BigV 02-14-2009 07:14 PM

Bullitt scores a bullseye:
Quote:

Here's to a single VD! :beer:

BigV 02-14-2009 07:22 PM

Brianna also posts a winner:
Quote:

Gloria Gaynor - I WILL SURVIVE!

First I was afraid
I was petrified
Kept thinking I could never live
without you by my side
...
Go read the rest. It's awesome.

Crimson Ghost 03-22-2009 05:28 PM

Quote:

Originally Posted by DanaC (Post 548109)
Sorry I prefer pussy.


Shawnee123 03-23-2009 05:34 PM

Sheldon strikes again.

Quote:

Originally Posted by Sheldonrs (Post 548795)
How about a nice pork wine? It's the other white wine. :cool:


Shawnee123 03-23-2009 05:43 PM

Hey, you changed it on the original. I'm leaving this one the way it is. :p

Sheldonrs 03-26-2009 02:10 PM

Quote:

Originally Posted by Shawnee123 (Post 548801)
Hey, you changed it on the original. I'm leaving this one the way it is. :p

Tee hee. :cool:

Sheldonrs 03-26-2009 02:11 PM

Quote:

Originally Posted by Beestie (Post 525485)
Just when you thought the Cellar community couldn't get any better, Jim steps up and blows everybody.
Some folks criticise while others advise - either way, talk is cheap. But only the rarest of the rare lead by example.

Well done, Sir Lumberjim. Well done, indeed.

Very, VERY well done! ;)

Undertoad 04-01-2009 04:59 PM

http://cellar.org/2009/hofthred.jpg

Shawnee123 04-01-2009 05:43 PM

;)

lumberjim 04-10-2009 12:32 PM

from here
Quote:

Originally Posted by shawnee
Quote:

Originally Posted by tiki
I don't give a rat's ass if you're "impressed", Shawnee. If someone's being a dick and shitting all over me, I'll call them a dick.

That's good, because I am decidedly not. I am, however, thrilled that I've been out-crazied. :lol:


classicman 04-10-2009 01:01 PM

>>>::notworthy:<<<

Flint 04-10-2009 02:27 PM

I was thinking that the board had fallen into a stupor, so I did a serach for the word stupor and foud this:
Quote:

Originally Posted by Clodfobble (Post 122425)
As an afterthought, garnet, I have a question: Why is it that a modern manager of a Jack-in-the-Box must drink himself into a stupor over the suckiness of his job, but a factory worker 50 years ago must have been doing a jig over the opportunity to grind steel all day?


Elspode 04-10-2009 06:55 PM

I laughed until I pissed myself. Fuck you, Zengum. :D

Quote:

I approve of multiple warheads on missiles. It is like carpooling, and so reduces the greenhouse gas emissions associated with nuclear anihilation.
From here...

DanaC 04-12-2009 07:10 AM

Genius. Just genius.

BigV 04-18-2009 12:06 PM

Jill shares a story of true love about her Baba and Poppy from here:

Quote:

Originally Posted by Jill
We just passed the 8 year mark for being "together" and are fast approaching (next month) our 7 year wedding anniversary, and I, too, still feel pure bliss in our happiness together.

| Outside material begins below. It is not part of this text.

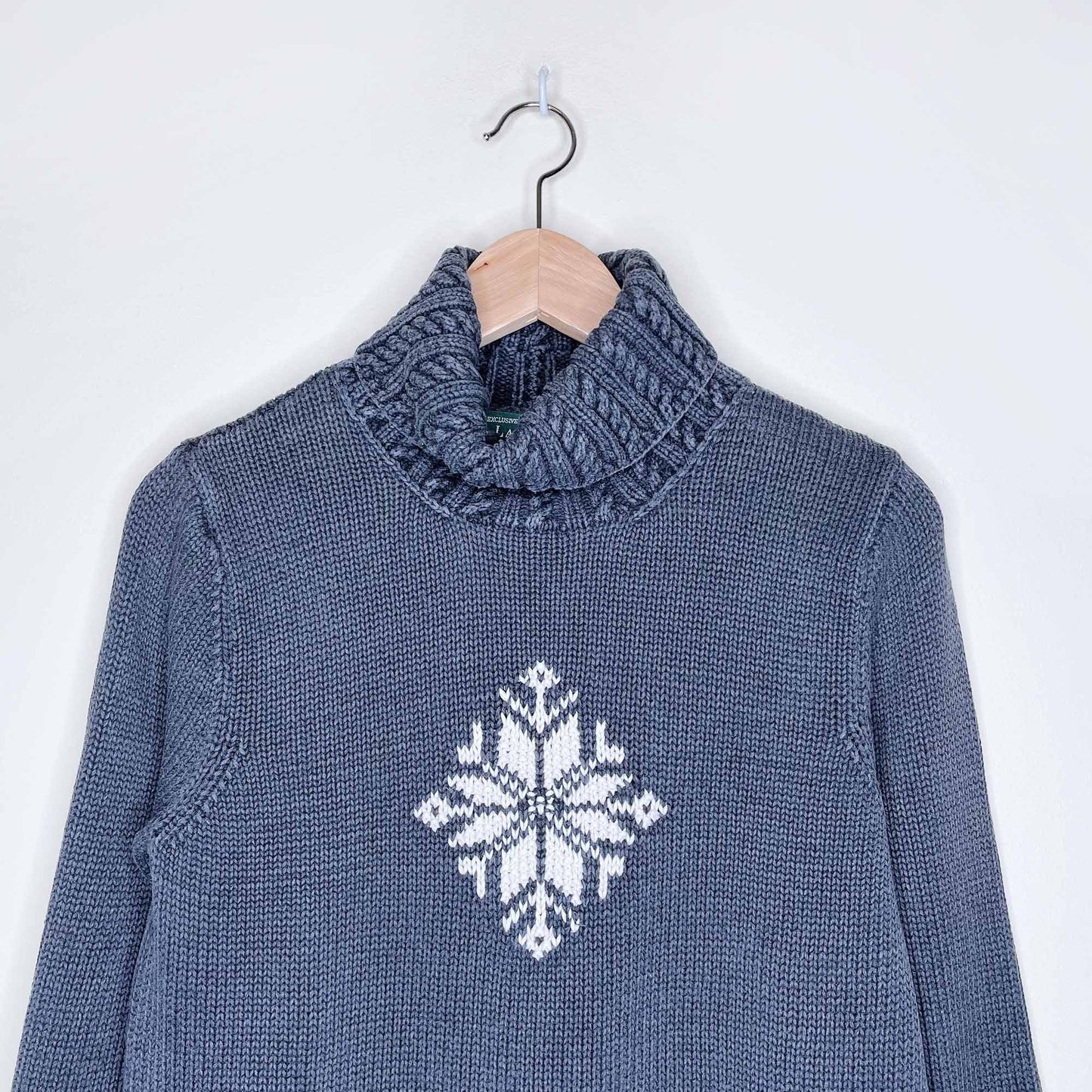 lauren ralph lauren hand-knit snowflake turtleneck - size small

True story. . . Way back in the 1930s, my grandmother was a divorced woman (from a physically abusive husband - Go Baba for having brass balls back when women didn't leave their husbands!), caring for her diabetic mother and a 5 year old daughter. Her brother had recently passed away and a friend wanted to fix her up on a blind date with a man whose mother had also recently died, thinking that at least they'd have something in common. My Baba refused. Not interested. Death's not a thing to have in common that would forge a strong bond. Too many responsibilities to go about dating.

The friend decided to ignore my Baba's concerns and gave the man her number anyway. He phoned and invited her to dinner. She refused. He pleaded that she had to eat anyway, why not get a free meal. She relented.

On that first date he was so smitten that he offered to "put her up in an apartment" and keep a key for himself. She told him he'd have to buy the cow if he wanted the free milk, but she was not interested in being married, so go away and leave her alone.

He did leave, as he was a "ladies ready-to-wear" traveling salesman. On his first day away he sent chocolates. On the second day, flowers. On the third, stockings (difficult to get during the war). He cut his trip short to come home to convince her to marry him. He said he'd take care of her mother and adopt her daughter as his own. Her mother said she'd be a fool to refuse.

He made her a deal; marry him on a 30-day trial basis, and if he hadn't made her happy in 30 days, she could have an annulment and he would leave her alone forever. She accepted. On the eve of their first day of marriage, he pulled out a homemade calendar with 30 days on it, and asked, "Did I make you happy today, dear?" She said that yes, he had. So he put a big X on the first day. Every night for the next 29 days he would ask if he'd made her happy that day. He always had. At the end of 30 days she was completely in love with him, and he spent the next 25 years making sure she was happy every, single day until the day he died.

On the eve of my wedding day, May 26th, 2002, as we were climbing in to bed for the night, my new husband turned to me and said, "Did I make you happy today, dear?"

No, he did not know that story at the time.

For seven years now, hardly a day goes by that he doesn't reaffirm that he still makes me happy, which of course he does. I feel very blessed indeed.

Rest in peace, Baba and Poppy. You set a fine example.

Thank you for this beautiful story, Jill. Someday I hope to find my Baba.